A simple cookie, without any bells or whistles, it’s easy to see why it might not be the best seller at a bake sale. Prepared with care and a solid recipe though, it can win the heart of even the pickiest sweet tooth. The versatile dough allows for any filling you could dream of mounding up in the center, and it’s easy enough for the most reluctant of bakers to make.

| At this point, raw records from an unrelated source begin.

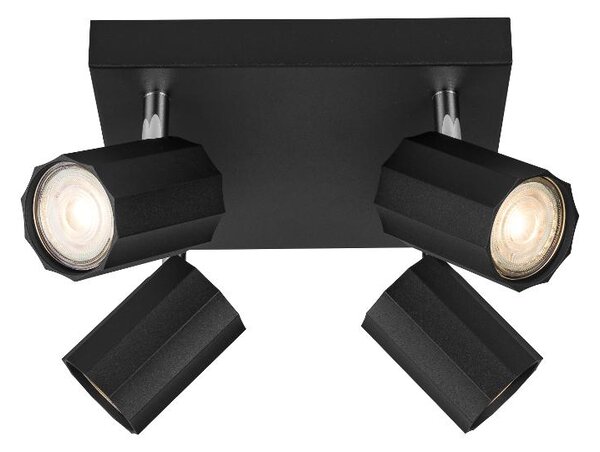 Livarno home Stropní / Nástěnné LED svítidlo Theia (stropní svítidlo bodové/černá) (100393017002)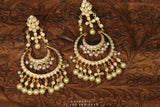 Chandbali , Latest Indian Jewelry,South Indian Jewelry,Pure silver Jhumkas Indian,Indian Earrings,Indian Wedding Jewelry -NIHIRA-SHABURIS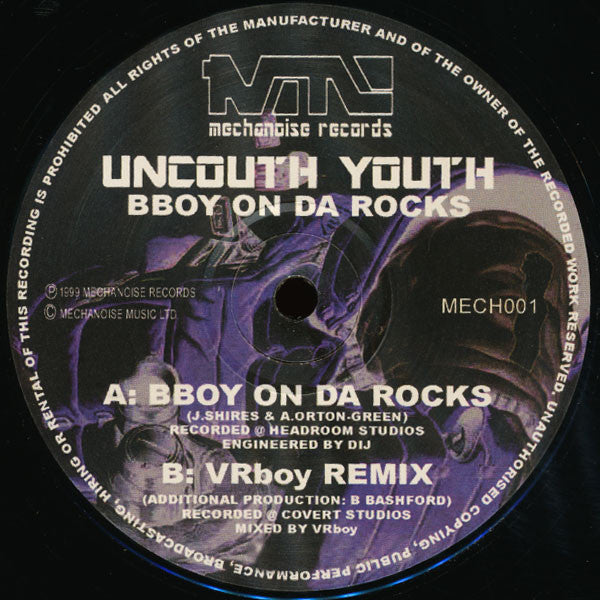 Uncouth Youth : BBoy On Da Rocks (12")
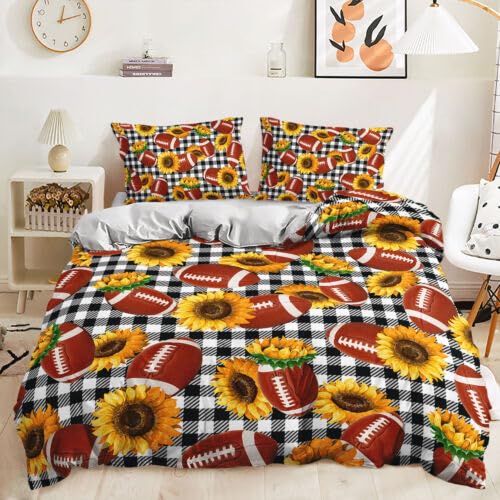 Funda nórdica 155x220cm de microfibra suave con estampado de girasoles para cama 90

Soft and tender, these cookies are far better than the dry, sad triangles sold in supermarkets these days that turn so many unknowing eaters away from this traditional treat. And although nothing could ever beat those made by my Nana, this vegan version does come pretty darn close, if I do say so myself.

 
Yield: Makes Approximately 18 Cookies

Hamantashen

Hamantashen

Soft and tender, these cookies are far better than the dry triangles sold in supermarkets these days. Jazz them up with any fruit preserves or jams you like!

Prep Time 25 minutes
Cook Time 10 minutes
Additional Time 1 hour
Total Time 1 hour 35 minutes

Ingredients

  • 3/4 Cup Vegetable Shortening or Vegan Butter
  • 1/2 Cup Granulated Sugar
  • 3 Tablespoons Smooth Cashew Butter
  • 3 Tablespoons Orange Juice
  • 1 Teaspoon Vanilla Extract
  • 1 Teaspoons Baking Powder
  • 2 1/4 Cups All-Purpose Flour
  • Jam or Preserves of Your Choice*

Instructions

  1. Using a stand or hand mixer, thoroughly cream together the shortening or vegan butter and sugar until smooth. Beat in the cashew butter, followed by the orange juice and vanilla extract.
  2. Mix the baking powder together with the flour, and then slowly incorporate the dry mix in until it forms a ball. It might take a bit of time, but don’t be tempted to add any more liquid; it just needs a little persuasion. Cover and refrigerate for at least an hour before proceeding.
  3. Once the dough is completely chilled, preheat your oven to 375 degrees and line two cookie sheets with silicone baking mats or parchment paper.
  4. On a lightly floured surface, roll the dough out to 1/4-inch thickness. You will probably want to coat the dough itself lightly with additional flour, and if it becomes too finicky to roll out without sticking, toss it back into the fridge for a few minutes.
  5. Cut out circles of about 3 inches in diameter with either a cookie cutter or drinking glass. Move the circles onto your prepared baking sheets, and spoon a small mound of filling onto the center of each circle, about 1 tablespoon each.
  6. Pull up the sides of the circle in order to form a triangle, and pinch the corners firmly so that they don’t separate or fall down during baking. If you’re really concerned about them staying in shape, you can freeze them just prior to baking and move them directly into the oven from there.
  7. Bake for 8 – 10 minutes, until lightly golden brown but still rather pale. Allow them to sit on the baking sheet for a few minutes before sliding the silicone mats or parchment onto a cool surface.

Notes

*For the jam in this batch, I just went through my fridge and used up whatever I could find. Some are strawberry, cherry, guava, and yellow plum preserves. Anything you like is just fine! It would never hurt to throw in a few chocolate chips, too.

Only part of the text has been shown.